Building a Handwritten Digit Classifier using Convolutional Neural Networks | by Sonakshi Arora

Today, we’ll be using the MNIST dataset (Modified National Institute of Standards and Technology) for building an ML model that classifies the digits in the database. The MNIST dataset consists of handwritten digits from 0–9 used widely for training image processing systems. We’ll be using Tensorflow for building the model. The documentation for the dataset can be found here: https://www.tensorflow.org/datasets/catalog/mnist

Importing the needed libraries:

import numpy as np
import pandas as pd
import matplotlib.pyplot as plt
import random
import tensorflow as tf
from tensorflow.keras import datasets, layers, models
import tensorflow_datasets as tfds

2. Splitting the dataset into training and testing:

In case you’re wondering how I figured out the tuples, I referred to the official documentation for the MNIST dataset.
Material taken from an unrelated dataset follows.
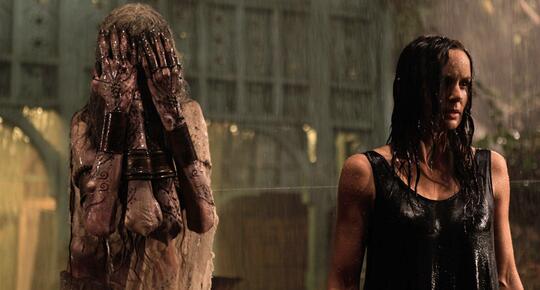 (JANGAN DILEWAT!) Inilah Film Horor, Thriller & Mistery Terbaik di Tahun 2016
It can be found here: https://www.tensorflow.org/api_docs/python/tf/keras/datasets/mnist/load_data

(xtrain, ytrain), (xtest, ytest) = tf.keras.datasets.mnist.load_data()

3. Displaying the images present in the dataset:

for i in range(9):
ax = plt.subplot(3,3,i+1) #rows, columns and label
plt.imshow(xtrain[i], cmap = plt.get_cmap('gray'))
plt.title("Number {}".format(ytrain[i]))
plt.axis('off')

We display 9 images from the dataset. I’m going to briefly mention the parameters present in the code above:

The plt.subplot() takes 3 parameters, the number of rows, columns and the index.
The images are stored in the xtrain array we created in step 2.
‘cmap’ stands for colormaps. We wish to display black and white images of the digits.
We provide a title to the images, and this title is the number present in the image. The titles can be found in the train array we made in step 2.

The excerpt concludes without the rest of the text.